A vertical merger should be blocked when it results in such dual-entry barriers: a merger between a company and its supplier or customer should be enjoined under Section 7 of the Clayton Act if, as is true in the present case, the following two circumstances appear to be present: (1) the merger does not give rise to significant, demonstrable merger-specific efficiencies that clearly outweigh its probable anticompetitive effects (a burden that the merger proponents must satisfy if their merger is presumptively anticompetitive in any properly defined relevant market); and (2) one likely effect of the merger will be to oblige rivals of the merged company to undertake their own vertical integrations in order to remain viable competitors. Those circumstances, without more, suffice to condemn the merger under Section 7 of the Clayton Act [15 U.S.C. § 18]. See, e.g., Fruehauf Corp. v. F. T. C., 603 F.2d 345, 352 (2d Cir. 1979) (if a vertical merger obliges competitors to vertically integrate, and if this vertical integration by itself does not create inherent efficiencies, it poses a probable threat to competition and may be properly enjoined under Section 7 of the Clayton Act ).
Indeed, a merger of AT&T and Time-Warner is worrisome on broader policy grounds that reinforce the conventional antitrust concerns. For media content (movies, television shows, music, news programs, etc.), we should not rely only on a handful of oligarchs who produce it and then distribute it to us over their “pipes” (wireless networks, broadband networks, satellite networks, and cable networks). These oligarchs would then compete only against one another in a Cournot-style oligarchy, in which each oligarch sets its terms of service in carefully calibrated anticipation of how the others will behave. Such a development, already underway, would only underscore that we indeed live in a new Gilded Era of unacceptable concentration of economic and political power.

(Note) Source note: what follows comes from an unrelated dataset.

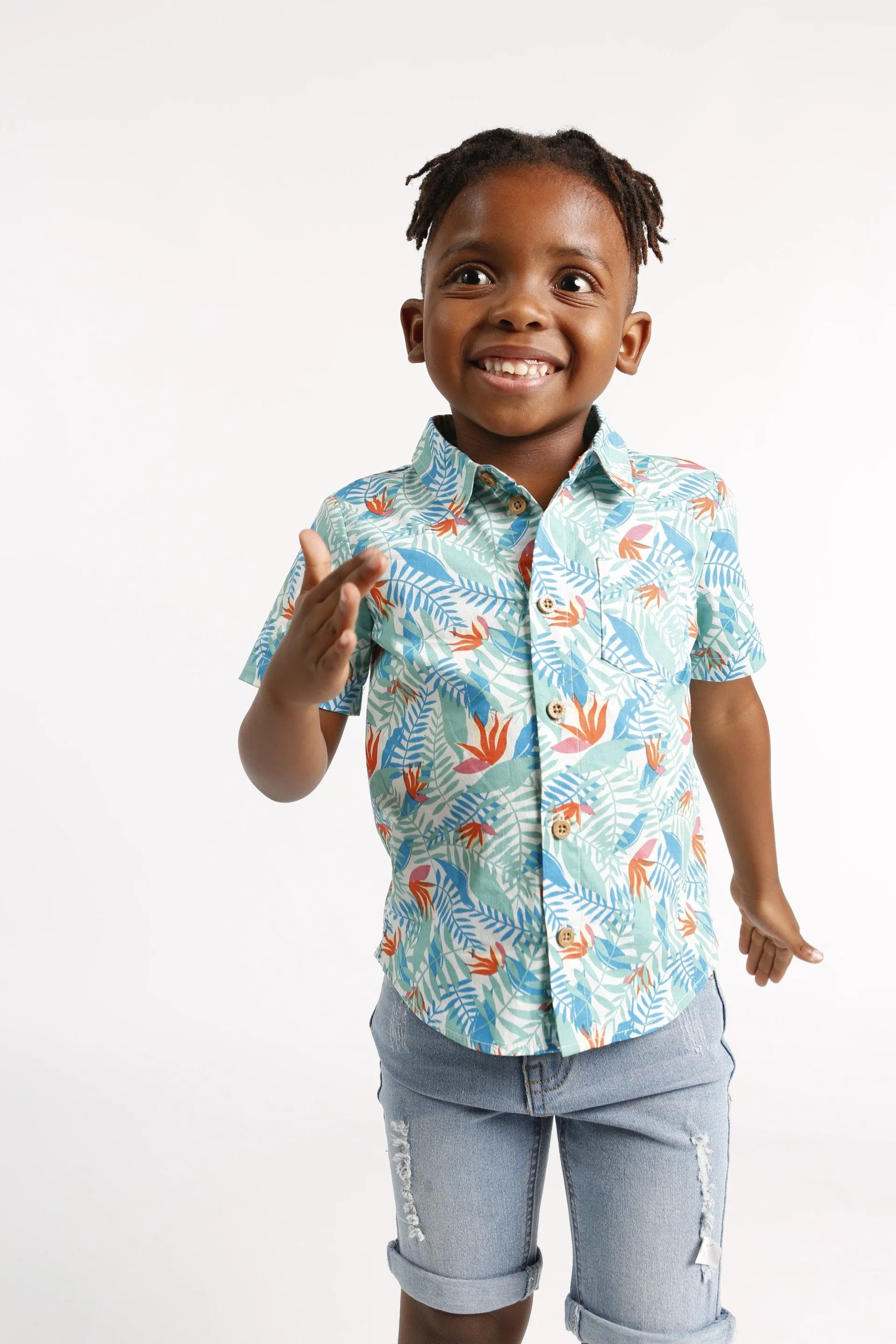 Pre-Boys Multi Leaf Print Short Sleeve Shirt - Blue sold by Edgars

We should not have, say, only a dozen substantial producers of content and a handful of distributors that deliver this content to us, and much less so when these producers and distributors must vertically integrate with one another by contract or merger in order to survive. That way lies a brave new world of narrow control of our entertainment and news. Rather, we should encourage the flowering of a thousand dissonant voices, each clamoring for our attention, appreciation and patronage by a broad variety of distribution outlets.
Nor would this scenario be somehow less “efficient” for consumers. In Europe, where there is intense competition among a diverse array of broadband providers, broadband service is much faster and cheaper than it is here in the US, where only a handful of competitors provide the service and have largely ceased to compete against one another: each provider has its own de facto exclusive territory, or at most two or three providers might offer services in the same market, but these providers are mere Cournot-style duopolies or oligopolies, which use non-cooperative coordination to avert real competition on price or service. (In a Cournot oligopoly, as predicted by Professor Cournot, there are only two or a few competitors in a given market, and each makes its pricing and other strategic decisions in anticipation of how the others will respond; the result, inevitably, is that all of them charge significantly higher prices and offer less responsive services than each would be obliged to offer in genuinely competitive markets.)
On a related point, the new FCC’s abandonment of net-neutrality means that we have a pressing need to avoid Cournot-style oligopolies in our markets for producing and distributing media content. We must have a profusion of content producers and content distributors, not a mere handful of either, much less a mere handful that are vertically integrated on pain of perishing from the field altogether.
It was not so long ago, only in 2014, that the DOJ successfully opposed the disquieting proposed merger of Comcast and Time-Warner, which threatened to establish effectual dual-entry barriers. (The Comcast/Time-Warner merger also contemplated a massive horizontal merger of the nation’s two largest providers of cable television and broadband, but since then Time-Warner has sold its cable business.) At the time, the deal seemed unthinkable because it threatened to bestow too much power over media content and distribution in the hands of one corporation. AT&T’s union with the current Time-Warner, although essentially a vertical merger, should raise even greater concerns along the same lines because net-neutrality is under assault: the nation needs to go in the very opposite direction, with a greater variety of producers and distributors of content that face far too much competition to dominate any market.
Lastly, some news reports have suggested that the DOJ will permit AT&T to acquire Time-Warner so long as the latter divests itself of CNN — a proviso that possibly suggests some sort of political payback intended to mollify President Trump’s well-documented antipathy to CNN. If so, then all of us are in greater danger than that posed by a mere oppressive oligopoly of media producers and distributors. I will presume, however, that it is is not the case, and that the DOJ is concerned only with traditional antitrust concerns. Applying these concerns to the proposed merger means that it should not be permitted on any terms: a merger of AT&T and Time-Warner should be blocked, not tinkered with at the edges. If it goes through, state attorneys general should sue to break it up.